# Online plant ordering



## adultswim (Oct 21, 2004)

Who can I trust to give me good rooted plants that won't die. I'm looking at www.aquariumdriftwood.com they have a good deal on a pre selected assortment of plants and driftwood. Does anyone know about this website??


----------



## NavinWithPs (Apr 3, 2003)

www.aquabid.com

there's a plant auction there where u can purchase single species, or a package. the thing i like about this is that, sometimes, you can get free shipping.

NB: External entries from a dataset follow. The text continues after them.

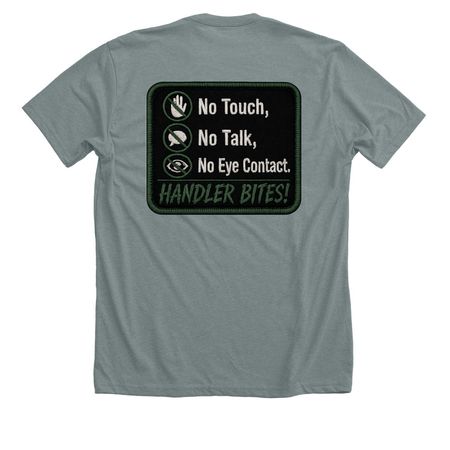Handler Bites!&nbsp;, a Heather Blue Storm Premium Unisex Tee (back-view)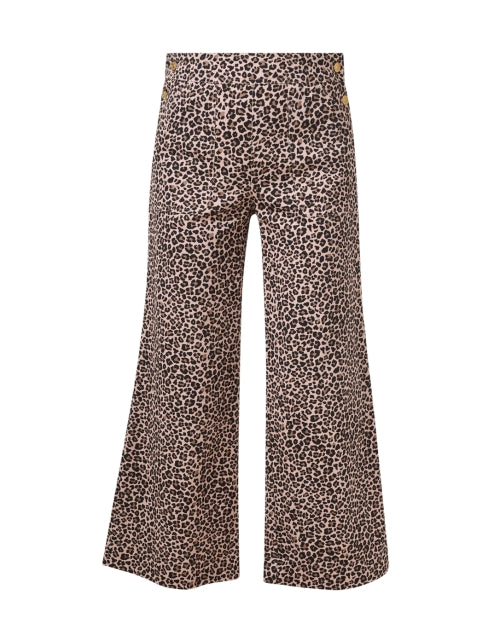 Muriel Leopard Print Wide Leg Ankle Pant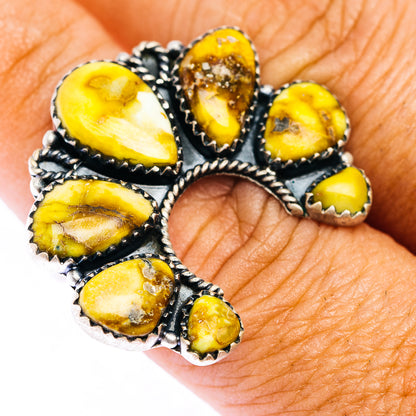 Sterling silver naja ring with yellow cabochon stones and scalloped bezel settings
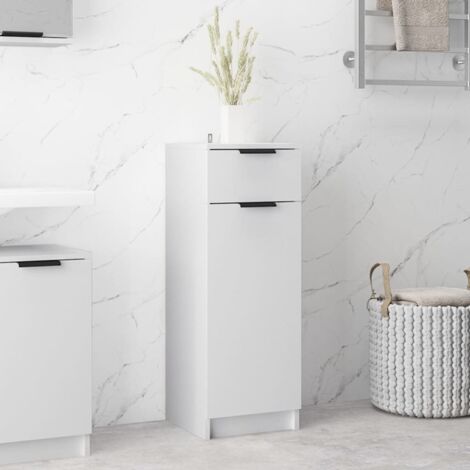 Armoire de salle de bain - Meuble de rangement Style Contemporain Blanc 32x34x90 cm Bois d'ingénierie BV562214 - BonneVie (1/5)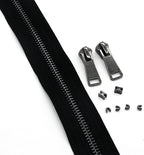 #5 Metal Zippers by The Yard Bulk 2 Yards Black Tape with 10 pcs Sliders Black Nickel Teeth Handmade Zipper for Sewing Craft Bag Backpack, Wallets, Purses Leekayer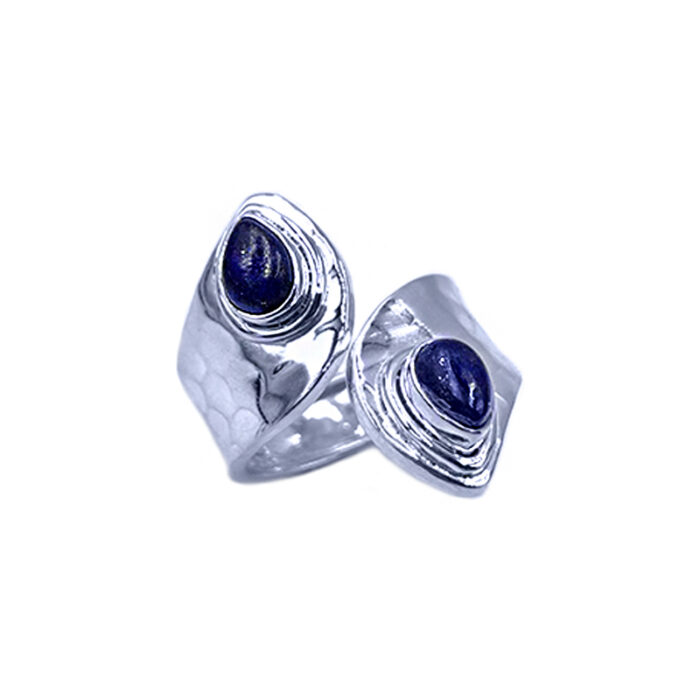 Χειροποίητο ασημένιο δαχτυλίδι με Λάπις Λάζουλι (Lapis Lazuli) διπλό – Ο λίθος της αυτοπεποίθησης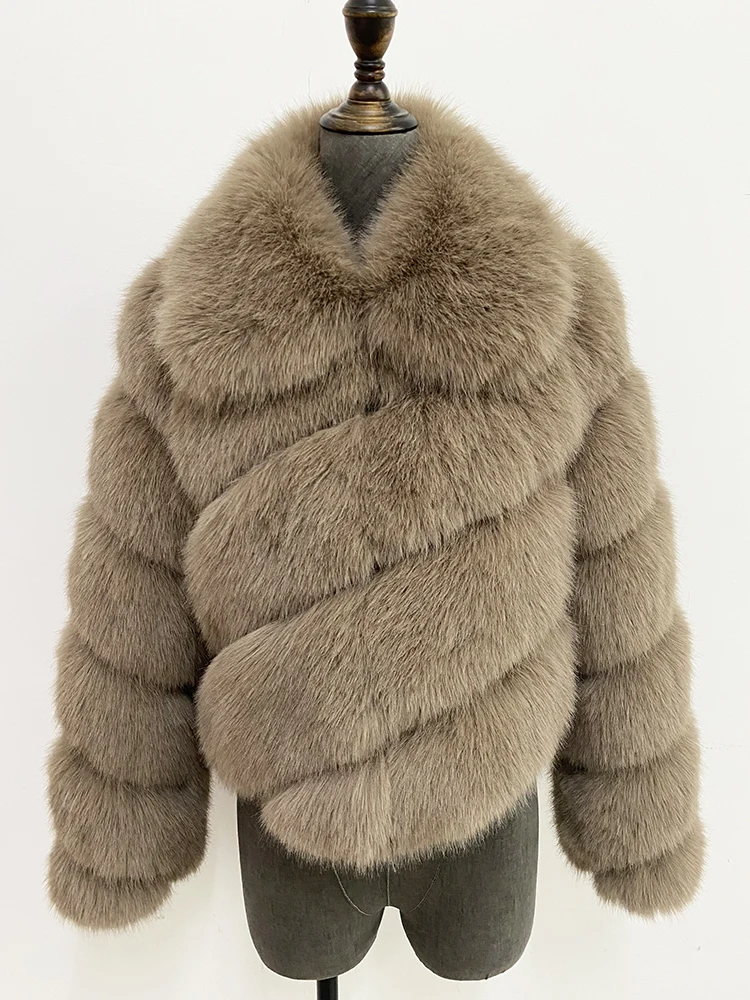 ZADORIN Luxury Irregular Splicing Lapel Short Faux Fur Jacket Women Long Sleeve Fluffy White Faux Fur Coat Women Winter Jackets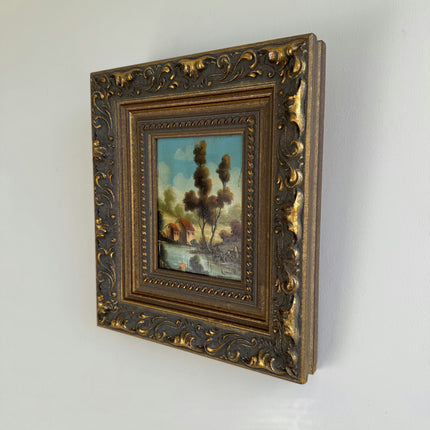 Authentic Landscape Oil Painting "Ornate Frame" Traditional Small Artwork Holland Art Shop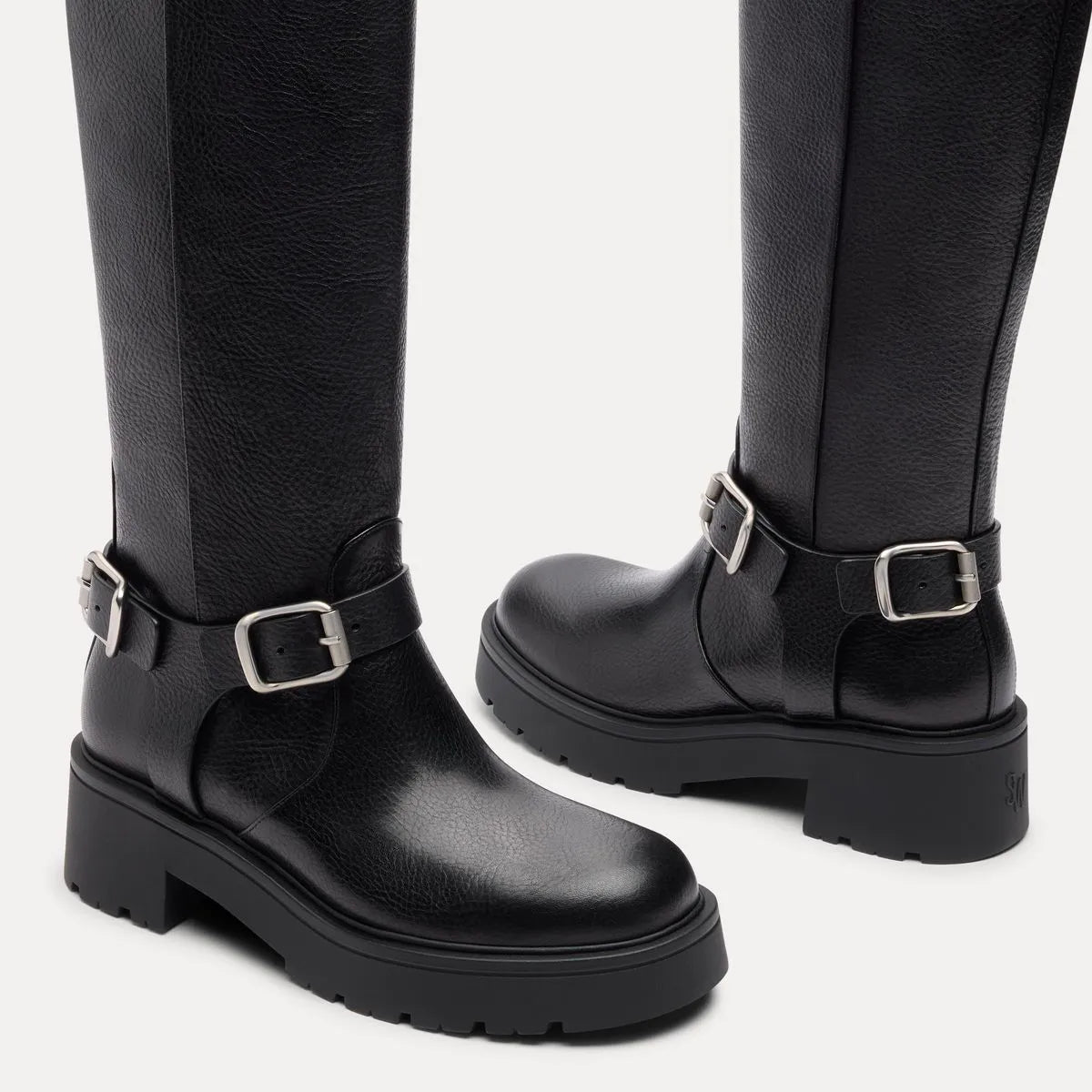 Ren Knee-High Moto Boot - Black Leather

from recent bids that i've won, they usually give more then what is offered.


----------



## rchan11 (May 6, 2004)

I've purchased from aquabid and ebay with great success.


----------



## SpAzZy (Mar 30, 2004)

www.aquaticplantdepot.com

they have great pricing and my friend has ordered from them before and they arrived in great condition.


----------



## illnino (Mar 6, 2004)

www.aquaticplantdepot.com is the best, good shipping, great prices, anacharis bunches are like only $.45. i highly reccomend them


----------



## Gumby (Aug 13, 2004)

If you've got a store around you with a nice display tank, get buddy buddy with the manager and ask him if he'll give you some cuttings when they trim up the tank









As far as online ordering goes, I'd have to agree with aquabid. I've never used them personally but have talked to a lot of customers at the store who have found some rare stuff on there for good prices in good conditions.

Now that I think about it, I might to take a look and see if anyone has any sinking Ricca.


----------



## Outie (Feb 19, 2003)

Any of the dealers/sellers to the right are good and reliable. Other people of ebay etc..


----------